Let’s define a Monoid instance for Info -
import cats.Monoid
object Info {
implicit val monoid: Monoid[Info] = new Monoid[Info] {
override def empty: Info = Info()
override def combine(x: Info, y: Info): Info = {
val Info(name1, city1, friendIds1) = x
val Info(name2, city2, friendIds2) = y
Info(name1.orElse(name2), city1.orElse(city2), friendIds1 ++ friendIds2)
}
}
}Now we can combine Info values!
Monoid[Info].combine(
Info(None, Some("a"), Vector(1)),
Info(Some("c"), Some("d"), Vector(2))
)
// Info(Some(c),Some(a),Vector(1, 2))Alternatively we can use the |+| operator -
import cats.syntax.monoid._
Info(None, Some("a"), Vector(1)) |+| Info(Some("c"), Some("d"), Vector(2))

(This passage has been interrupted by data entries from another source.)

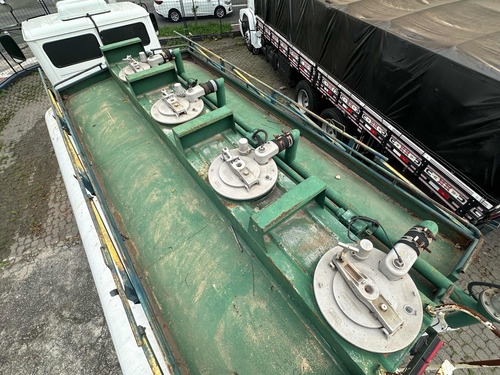 Mb 1718 Caminhão Tanque 10.000 Litros 4 Bocas Sistema Boton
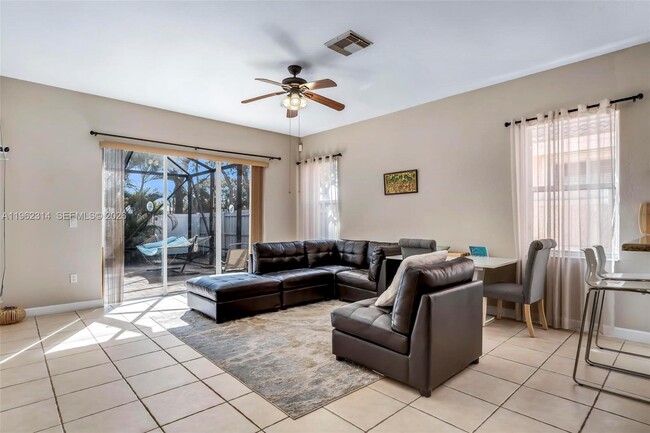 Building Photo - 13124 SW 54th Ct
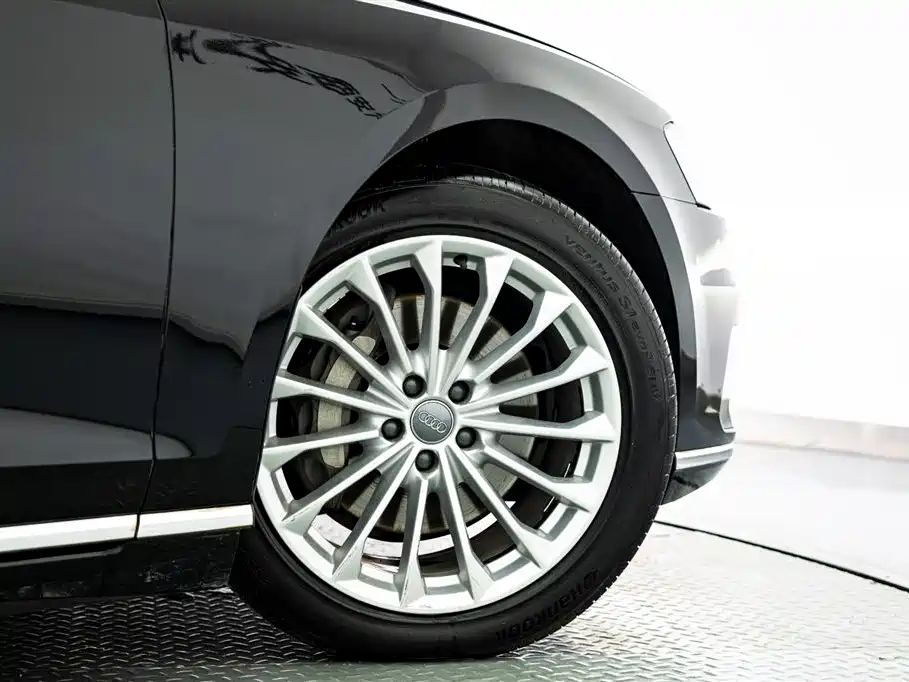 Audi A8 2019 A8L 50 TFSI quattro Comfort фото 19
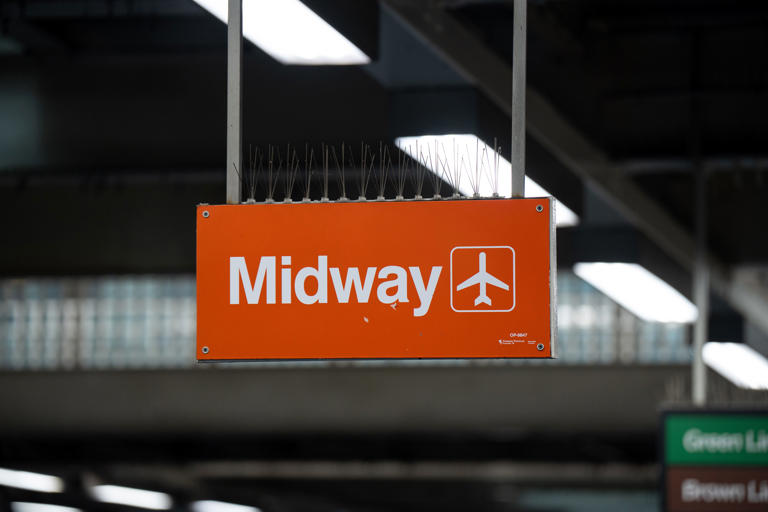 Orange Line trains suspended near Midway Airport as CTA warns travelers ...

// Info(Some(c),Some(a),Vector(1, 2))You can also use Foldable to collapse a sequence of values with combineAll. This can be useful if you have many or even an indeterminate number of values to combine -
import cats.instances.list._
import cats.syntax.foldable._
List(
Info(None, Some("a"), Vector(1)),
Info(Some("c"), Some("d"), Vector(2))
).combineAll
// Info(Some(c),Some(a),Vector(1, 2))In our case, we actually had Option[Info], so we can piggy-back off of Option’s instance of Monoid which simply appends the values inside of Somes, discarding the Nones.
List(None: Option[Info]).combineAll
// None
List(
None,
Some(Info(Some("c"), Some("d"), Vector(2)))
).combineAll
// Some(Info(Some(c),Some(d),Vector(2)))
List[Option[Info]](
Some(Info(None, Some("a"), Vector(1))),
Some(Info(Some("c"), Some("d"), Vector(2)))
).combineAll
// Some(Info(Some(c),Some(a),Vector(1, 2)))Putting it all together, our getAllInfo logic can become -
import cats.instances.list._
import cats.instances.option._
import cats.syntax.foldable._
def getAllInfo(id: Int): Future[Either[String, Info]] =
for {
optProfileInfo <- getProfileInfo(id)
optFriendInfo <- getFriendInfo(id)
} yield List(
optProfileInfo,
optFriendInfo
).combineAll.toRight("Failed to fetch info")Much simpler right?
Generalizing Merge
Now, our Monoid definition is just a little tedious in this case, but imagine we have more fields on our case class. Writing this by hand can get a little unwieldy and error-prone (particularly since our case class has default fields). Can we abstract this further?
Let’s look at that Monoid definition again, specifically where we’re merging the fields -
So for Option values we need to use .orElse, and for Vector values we need to use ++. Is there some abstraction that does this for us? Why yes, yes there is!
Enter MonoidK. It’s very similar to Monoid except it operates on a higher kind. It has a superclass: SemigroupK, but we’ll simplify the definition for now.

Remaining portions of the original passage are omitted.